### Problem requirements
Reproduce the listing below word for word and exclude any picture.

### Information supplied
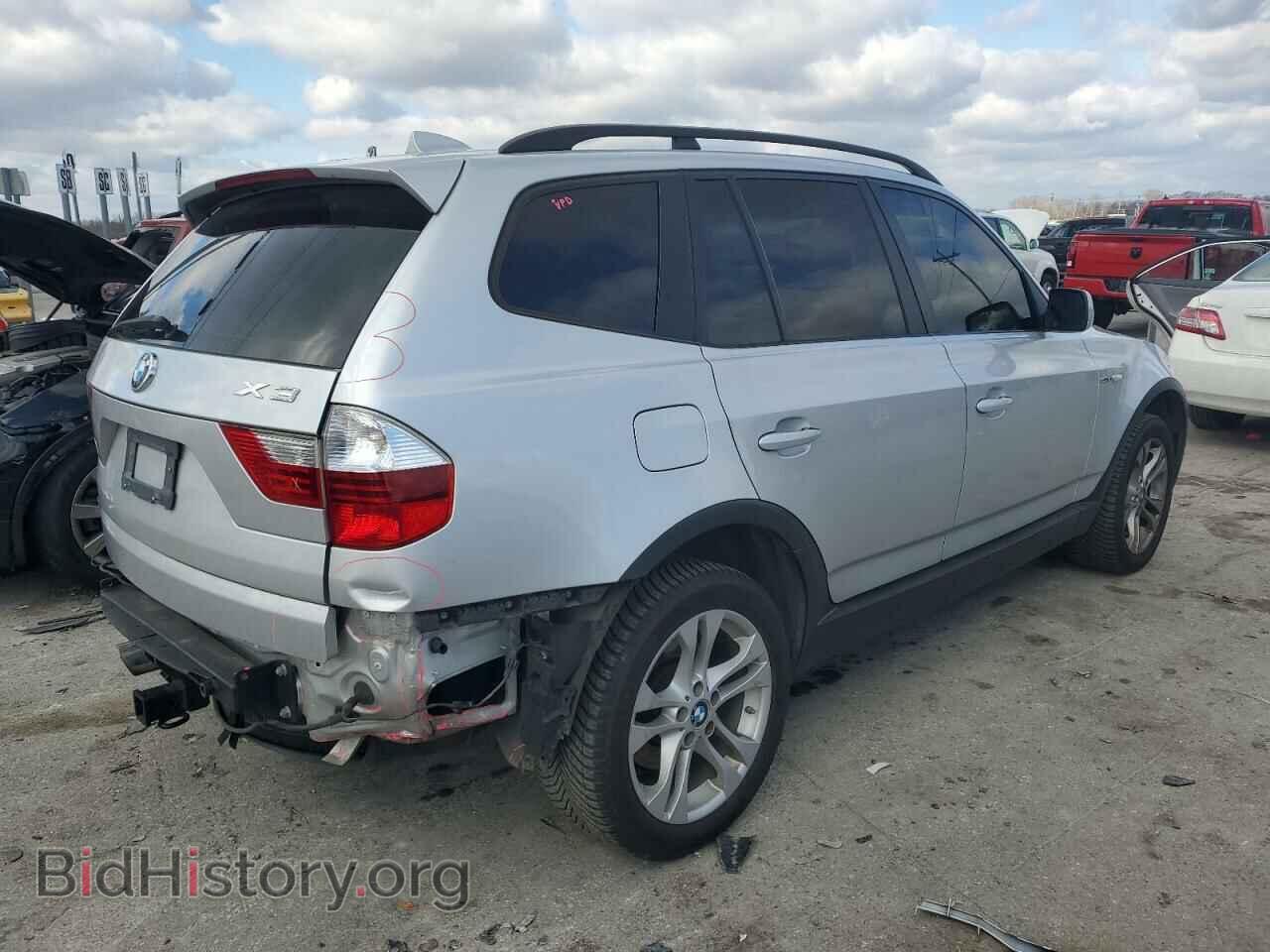 2007 BMW X3 - VIN: WBXPC93457WF26520 - Фото 3
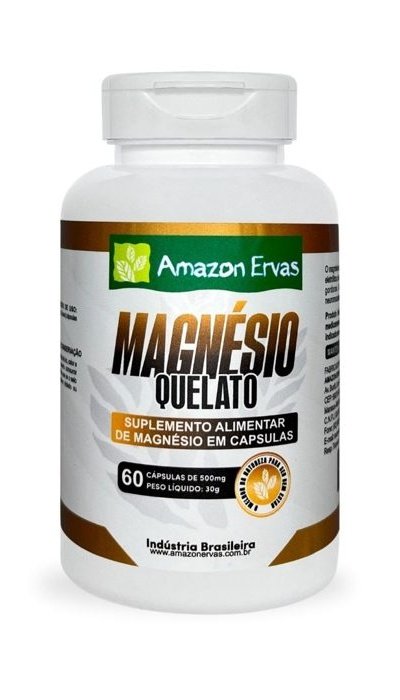 Magnésio Quelato 60 cápsulas 500 mg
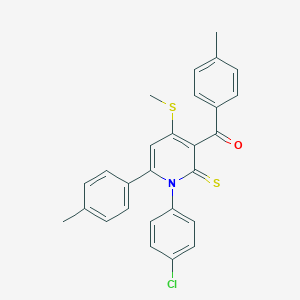[1-(4-Chlorophenyl)-6-(4-methylphenyl)-4-(methylsulfanyl)-2-thioxo-1,2-dihydro-3-pyridinyl](4-methylphenyl)methanone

### Solution for this problem
 2007 BMW X3 - VIN: WBXPC93457WF26520 - Фото 3
 Magnésio Quelato 60 cápsulas 500 mg
[1-(4-Chlorophenyl)-6-(4-methylphenyl)-4-(methylsulfanyl)-2-thioxo-1,2-dihydro-3-pyridinyl](4-methylphenyl)methanone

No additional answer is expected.